Despite President Trump’s optimistic view of an economic revival through deregulation reminiscent of the Reagan and Clinton years, it was disclosed that he engaged in private discussions with leading CEOs to seek suggestions aimed at improving affordability for American citizens.
These comments came during a private dinner at the White House on Wednesday that included influential figures like Jamie Dimon, the CEO of JPMorgan Chase, along with other key Wall Street executives.
While Trump didn’t explicitly refer to the “price crisis” promoted by Democrats, he seemed to recognize that elements of the American dream are becoming less attainable. He reportedly asked the CEOs for their insights on potential solutions, according to one of the attendees.
“He focused quite a bit on affordability and what we might do from a market perspective to tackle that issue,” one CEO recounted.
Those in attendance included prominent names such as Larry Fink from BlackRock, Ted Pick of Morgan Stanley, David Solomon of Goldman Sachs, Adena Friedman from Nasdaq, and Steve Schwartzman of Blackstone.
Additionally, Treasury Secretary Scott Bessent and Commerce Secretary Howard Lutnick were present.
Attendees noted that Trump commanded the room with his characteristic charm and humor, advocating for policies to stimulate economic growth. However, he raised eyebrows when he claimed his economic approach, including stringent tariffs on foreign products, could potentially drive U.S. economic growth by “5 to 6 percent.”
Many CEOs didn’t contest Trump’s optimistic projections, which exceeded typical forecasts, such as the Atlanta Federal Reserve’s 4% growth estimate. Still, privately, there were reservations among them, especially considering the prevailing economic challenges.
Some participants indicated that even Trump’s economic advisers harbored doubts about such growth rates. Concerns were also surfacing regarding the upcoming midterm elections following recent Democratic wins, including the mayoral election in New York City.
“I really hope the president is right about 6% growth,” another CEO shared. “But frankly, I’m not sure how we’d achieve that. His advisors seem worried, especially regarding affordability, but they’re hesitant to voice concerns. There’s a lot of agreement around him.”
They also explored ways to allow everyday people to invest their retirement savings in the stock market, which historically tends to provide better returns compared to other investment avenues.

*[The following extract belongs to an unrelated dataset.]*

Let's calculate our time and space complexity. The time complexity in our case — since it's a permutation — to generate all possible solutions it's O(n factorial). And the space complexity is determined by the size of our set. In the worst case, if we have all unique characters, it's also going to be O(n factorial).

“Trump genuinely wants to ensure we foster an economy of owners, rather than renters with just bank savings,” remarked another CEO on the condition of anonymity.

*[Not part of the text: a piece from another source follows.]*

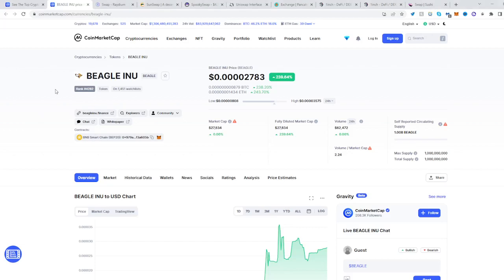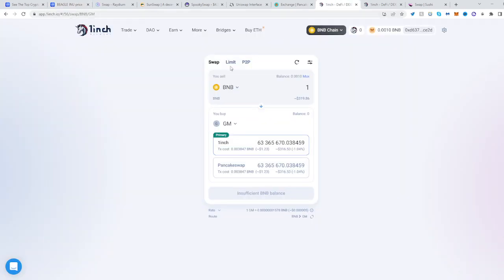In this video I will show you how to buy the Beagle Inuit Token. Go to CoinMarketCap and find the Beagle Token. Once you've done that, copy its address — it's right under contract — and then head over to 1inch.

Democrats have recently leveraged ongoing inflation to critique Trump’s economic strategies, which encompass tax reductions, deregulation, and tariffs. Trump has dismissed the so-called affordability crisis as a “fraud” perpetuated by Democrats, also criticizing Federal Reserve Chair Jerome Powell for not lowering interest rates to enhance homeownership opportunities.

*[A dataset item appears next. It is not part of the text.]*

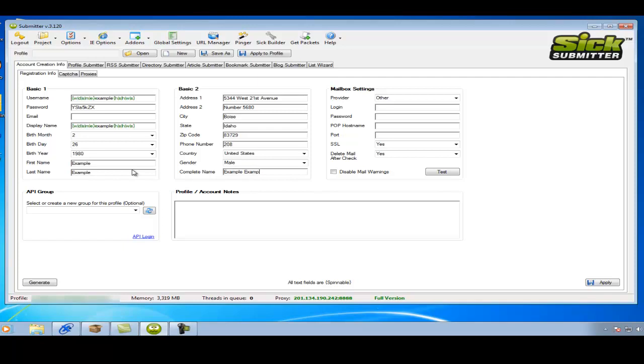Quite simply, you just fill in all the fields like so. Usually what I do if I'm focusing on a specific keyword, I'll just write a quick note. This is for keyword example.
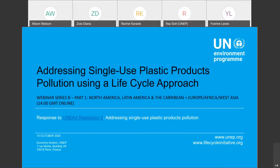Welcome everyone to our webinar series on addressing single-use plastic product pollution using a lifecycle approach. This is the first of two sessions for this time zone, and the second session will be held at 1500 GMT on the 27th of October — one hour later than today, in two weeks' time — where we'll have a completely different set of speakers joining us, so we really encourage you to join us for that session also.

A White House official mentioned that “since day one, President Trump has been dedicated to overcoming the economic challenges we inherited.” They also shared that he took the time to have one-on-one conversations with various attendees.
The spokesman further noted, “The President continues collaborating with business leaders to implement aggressive pro-growth strategies aimed at reducing prices, increasing wages, creating jobs, and revitalizing the economy.”
On that day, Trump also touched on immigration matters, expressing the need for skilled foreign workers and how Wall Street might assist in making housing and essentials more affordable for the middle class.
The overall vibe at the dinner was festive, although the predominantly Democratic business community has often encountered tension with Trump, particularly concerning tariffs, despite some alignment on deregulation and tax cuts.
Trump has made public accusations against Dimon and Bank of America’s Brian Moynihan, blaming them for what he perceives as “debanking” him post-presidency. This pushback has also extended to various right-leaning industries, including firearms.
Officials from both banks have attributed account closures to pressure from the Biden administration to dissociate from rightist and unconventional sectors such as cryptocurrency and private prisons.
In an exclusive report, it was revealed that Moynihan faced criticism from Trump over his progressive stance on banking and several notable social issues, including investment in environmental sustainability and diversity initiatives.
Moynihan has also been involved with Brown University Corporation’s decisions, which included voting against a potential divestment from companies operating in Israel amidst tensions surrounding the country’s military response to recent events.
A Bank of America spokesperson declined to comment.